Recherchen des ARD-Politikmagazins Panorama (weitere Meldungen zum ARD-Politikmagazin auf DIGITAL FERNSEHEN) und STRG_F zeigen eigenen Angaben zufolge nun, dass Knotenpunkte des Tor-Netzwerks von deutschen Ermittlungsbehörden überwacht werden können, um gezielt die sie Nutzenden zu deanonymisieren. Die Reporter belegen ihren Veröffentlichungen zufolge erstmals Fälle, in denen bisher nicht für möglich gehaltene Methoden erfolgreich gewesen seien. Die Ermittlungsbehörden nutzten wohl sogenannte „Timing“-Analysen. Dabei werden Tor-Knotenpunkte langfristig überwacht und die bei der Überwachung gesammelten Daten statistisch ausgewertet. So soll es möglich sein, über Datenpakete und deren Metadaten eigentlich anonymisierte Verbindungen zu den sie Nutzenden zurückzuverfolgen. Wie der Name „Timing“-Analyse vermuten lässt, geschieht dies über eine zeitliche Zuordnung von Datenpaketen. Reporter von Panorama und STRG_F konnten wohl Unterlagen einsehen, die vier erfolgreiche Maßnahmen in nur einem Ermittlungsverfahren zeigen sollen.

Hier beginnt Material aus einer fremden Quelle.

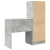 Birou cu sertar 2 pcs Gri din beton GartenMobel Dekor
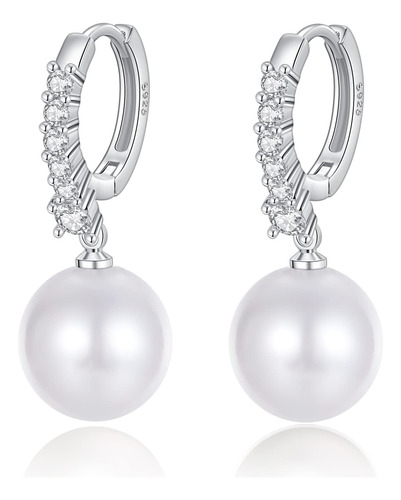 Pendientes De Perlas Para Mujer 925 Pendie B0bzymhgm8_140324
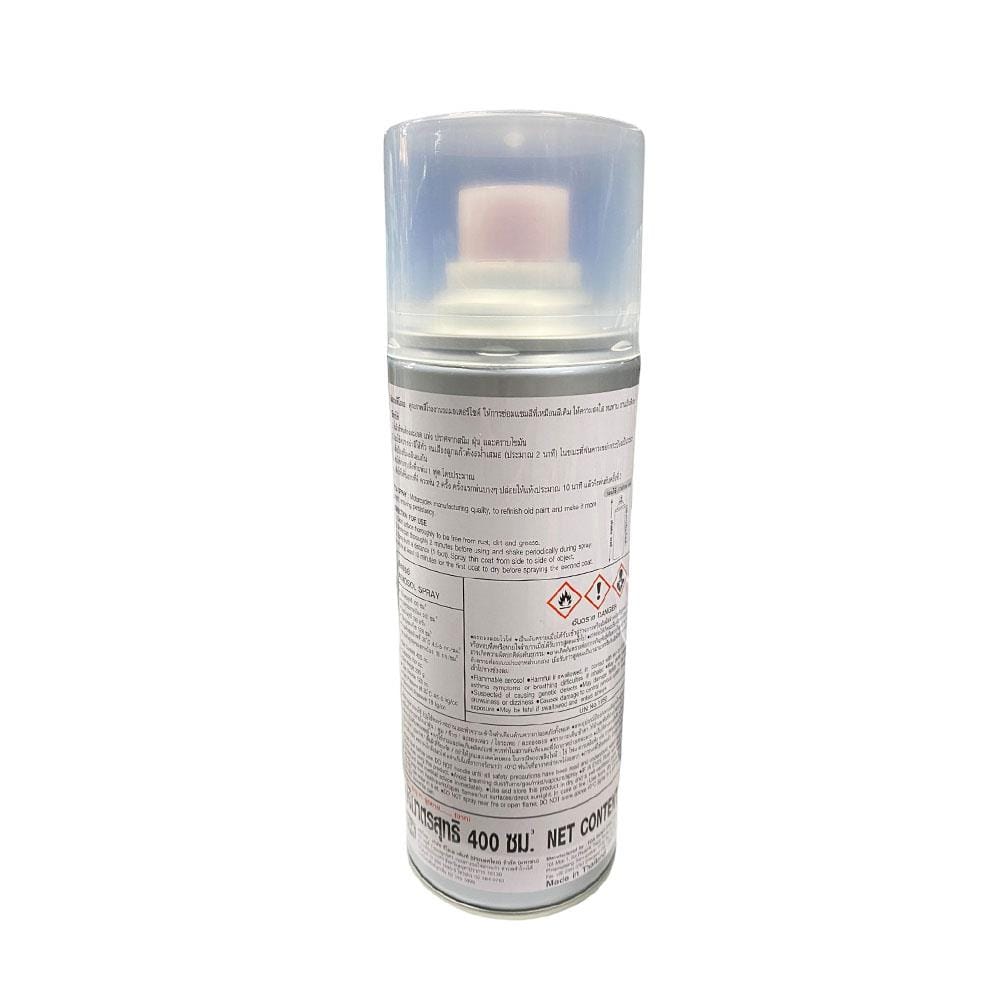 TOA LACQUER AEROSOL SPRAY PAINT 400CC 030 CLEAR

Theoretische Möglichkeit war schon länger bekannt
Die theoretische Möglichkeit eines solchen Angriffs auf die Anonymisierungsverfahren des Tor-Netzwerks ist bereits seit längerem bekannt. Darüber, ob so etwas praktisch umgesetzt werden könnte, herrschte bisher aber wohl Uneinigkeit. Nach Angaben des Rechercheteams hätten Experten, die Rechercheunterlagen von Panorama und STRG_F einsehen konnten, allerdings unabhängig voneinander die Rechercheergebnisse bestätigt. So sagte Matthias Marx, einer der Sprecher des Chaos Computer Clubs: „Die Unterlagen in Verbindung mit den geschilderten Informationen deuten stark darauf hin, dass Strafverfolgungsbehörden wiederholt und seit mehreren Jahren erfolgreich Timing-Analysen-Angriffe gegen ausgewählte Tor-Nutzer durchführten, um diese zu deanonymisieren.“ Weiter warnt er: „Die technische Möglichkeit, Timing Analysen durchzuführen, besteht nicht nur für deutsche Strafverfolgungsbehörden zur Verfolgung schwerer Straftaten, sondern gleichermaßen für Unrechtsregime bei der Verfolgung von Journalistinnen und Journalisten, Oppositionellen und Whistleblowern“.